Masters of the Air has become a captivating watch (nearly as much as the two previous WW2 series from executive producers Steven Spielberg and Tom Hanks) thanks to its star-studded cast, top-tier VFX, thrilling yet human narrative, and convincing veteran talent behind the cameras. It's the kind of series we don't get very often, and one that seems to be flying under many people's radars (pun intended)... but it's also a show that has follows in the footsteps of some other amazing dramas from the Second World War. Here are our recommendations.

Band of Brothers (2001)

Band of Brothers (HBO)
Image credit: HBO

We wouldn't be watching Masters of the Air without Band of Brothers. After the success of Saving Private Ryan on the big screen, this is the limited series that started it all when it comes to Spielberg and Hanks' prestige TV shows dealing with the Second World War's different theaters of war.

While the story starts during Easy Company's paratrooper training, it gradually follows the soldiers' participation in the Western Front of World War II until the war with Germany ends. Each episode begins with excerpts from interviews with some of the survivors, giving it a documentary-like touch. As the series reaches its conclusion, they are identified by name.

The Pacific (2010)

The Pacific (HBO)
Image credit: HBO

After Band of Brothers' success, HBO viewers had to wait nearly a decade for a follow-up of sorts, but it was well worth the wait. The second in the 'trilogy' of WW2 miniseries from Spielberg and Hanks as exec. producers explores the US Marine Corps' many actions in the Pacific Theater of Operations within the wider Pacific War, which was especially bloody.

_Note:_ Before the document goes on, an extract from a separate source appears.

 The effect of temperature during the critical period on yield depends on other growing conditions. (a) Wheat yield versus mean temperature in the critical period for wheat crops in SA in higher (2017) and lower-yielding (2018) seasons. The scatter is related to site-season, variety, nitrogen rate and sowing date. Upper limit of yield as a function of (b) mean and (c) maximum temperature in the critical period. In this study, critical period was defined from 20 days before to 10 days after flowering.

While a bit more scattered when it comes to the narration of events, The Pacific remains one of the finest HBO shows of all time. The production value was really high, and the entire thing was exquisitely crafted. More importantly, the surprisingly intimate human drama still hit as hard as the shocking violence on display.

Catch-22 (2019)

Catch-22
Image credit: Hulu

You maybe haven't heard of it until now, but Catch-22, Joseph Heller's 1961 satirical war novel, was adapted into a pretty solid TV series for Hulu back in 2019. John Yossarian (Christopher Abbott) is a bombardier in the United States Air Force that wants nothing to do with WW2. Thinking the war would end before his training finished, he must now bomb the enemy from his B-25.

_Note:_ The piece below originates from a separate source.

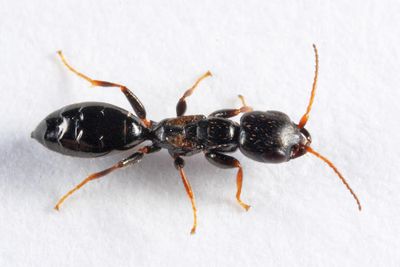 Bethylus decipiens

It's a brutal but also darkly humorous watch that feels perfect to wash off Masters of the Air's drier, more dramatic taste once you're done with it. On top of that, its cast is pretty great besides Abbott: Kyle Chandler, Lewis Pullman, Hugh Laurie, and George Clooney, among others, round it up.

Das Boot (2018)

Das Boot (TV series)
Image credit: Sky One

It's not all about American-made series, as the German TV show Das Boot, which picks up in late 1942, nine months after the events of the famous 1981 movie by Wolfgang Petersen, focused on the WW2 events taking place on various U-boats and the German perspective at sea and on land.

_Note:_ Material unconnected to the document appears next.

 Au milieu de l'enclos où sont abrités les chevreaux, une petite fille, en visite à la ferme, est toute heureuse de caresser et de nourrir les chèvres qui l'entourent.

While the reviews for season 1 in Germany were mixed, it was largely well-received internationally, with critics praising its atmospheric pressure and the weight of its cinematic predecessor as well as the compelling ensemble. The only 'but' is that seasons past the first one are a bit hard to access in the US, but there are options to get around to watching the whole thing (no more seasons past 4 have been ordered).

World on Fire (2019)

World on Fire
Image credit: BBC One

World on Fire is a British war drama TV series that was cancelled in early 2024, but its two seasons are worth your time. It follows the intertwined lives of ordinary civilians across Europe and how they are caught up in the chaos of WW2. The angle alone makes it stick out, and it's got more than enough style to make up for some of its lack of remarkable substance.

Each season feels quite distinct too, with the first series covering from March 1939 to July 1940, and detailing major events such as the Defense of the Polish Post Office in Danzig, the Battle of the River Plate, the Dunkirk evacuation, and the Battle of Britain. The second series covers from October 1940 to May 1941 and features the beginning of The Blitz in Manchester and the often overlooked North African campaign while also returning to occupied France and Nazi Germany, with the resistance movement and Lebensborn program at the center of the narrative.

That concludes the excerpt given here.